§ Work request: Repeat exactly the lines of the material below that run from the "references 5f0953235a Second-hand" line to the "Large Christmas Dcor Lot" line, including both, and do not carry over any pictures.

§ Provided data:
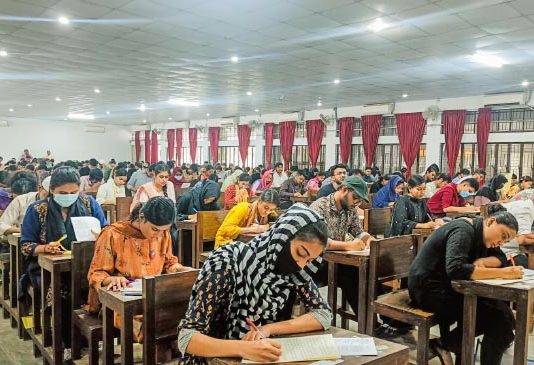 চবিতে ঢাবির ভর্তি পরীক্ষা উপস্থিত ৯০ শতাংশ
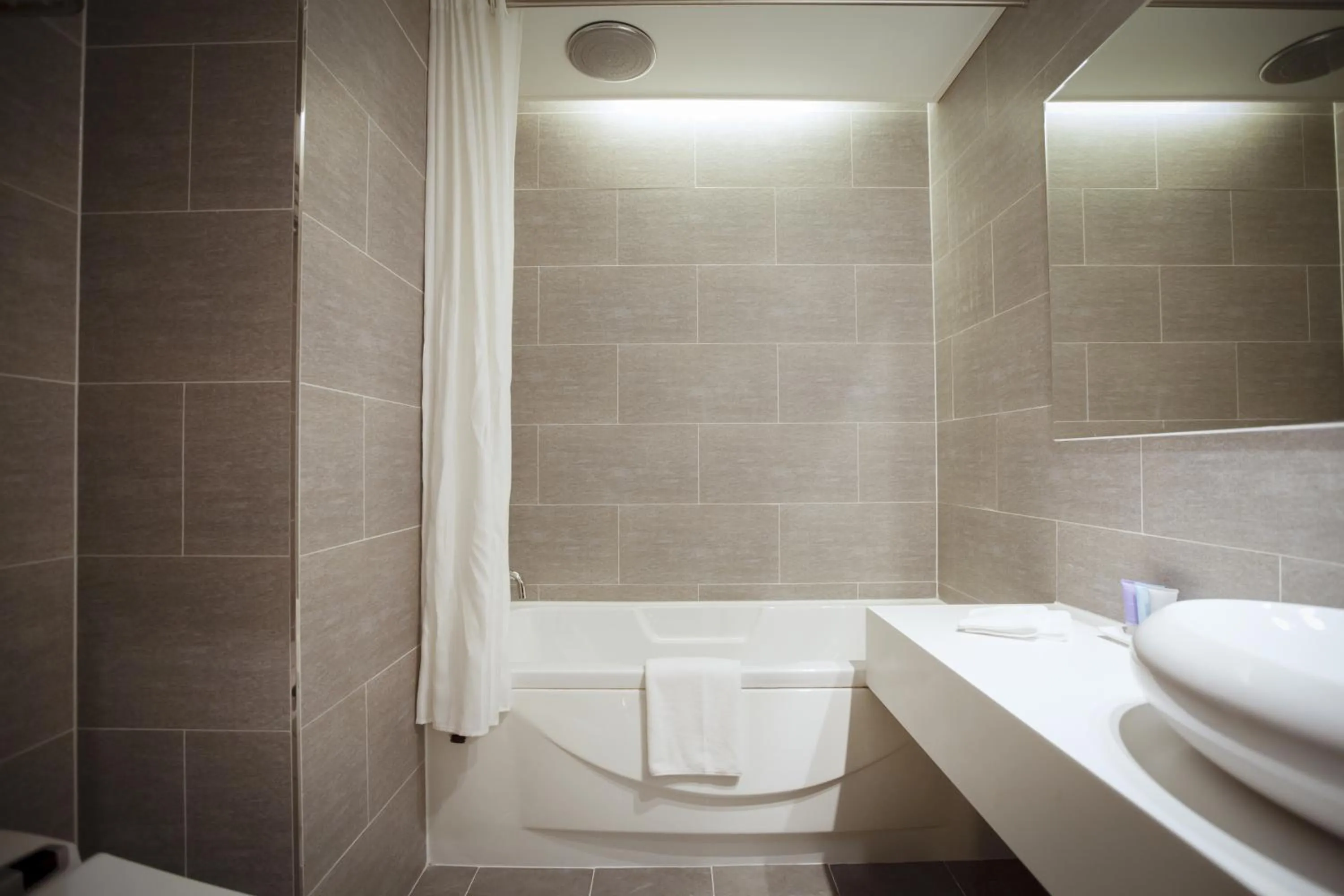 Twin Room with Bath in Baiton Seoul Dongdaemun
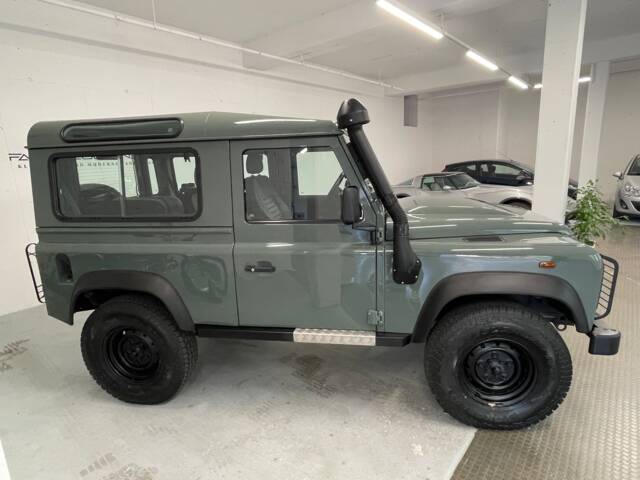 Land Rover Defender 90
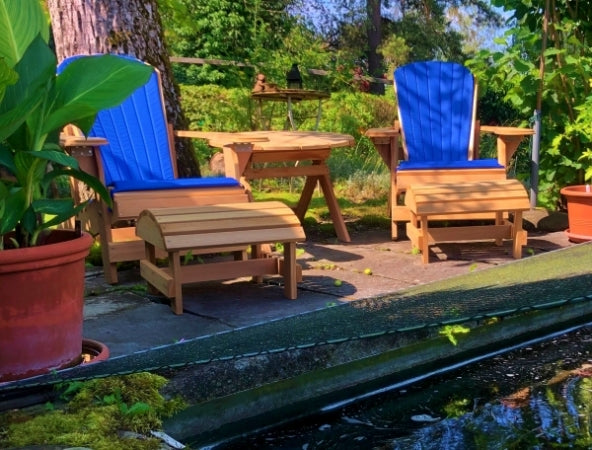 2 Classic Adirondack Chairs, Schemel, Tisch & Polster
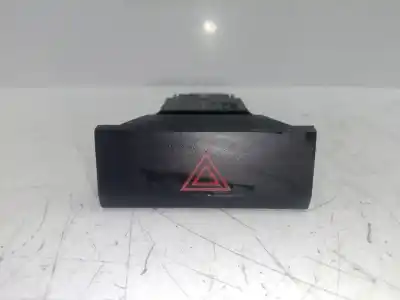 Second-hand car spare part hazard warning lights for seat leon (5f1) 1.6 tdi oem iam references 5f0953235a Second-hand car spare part hazard warning lights for seat leon (5f1) 1.6 tdi oem iam references 5f0953235a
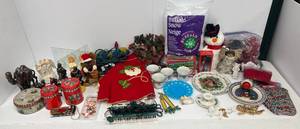 Large Christmas Dcor Lot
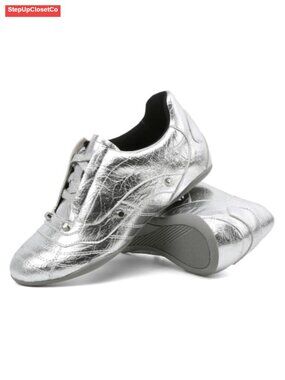 Women's Cushioned Walking Shoes Leather Rivet Sneakers Comfortable Athletic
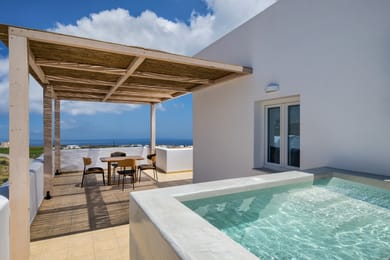 Grande Suite Sea View with Hot Tub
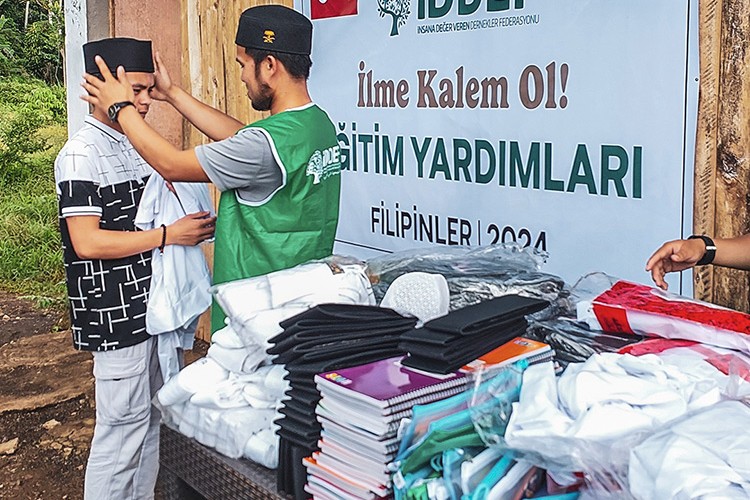 İDDEF'ten Dünyanın Dört Bir Yanındaki Öğrencilere Eğitim Seti Yardımı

§ Result of this exercise:
 Second-hand car spare part hazard warning lights for seat leon (5f1) 1.6 tdi oem iam references 5f0953235a Second-hand car spare part hazard warning lights for seat leon (5f1) 1.6 tdi oem iam references 5f0953235a
 Large Christmas Dcor Lot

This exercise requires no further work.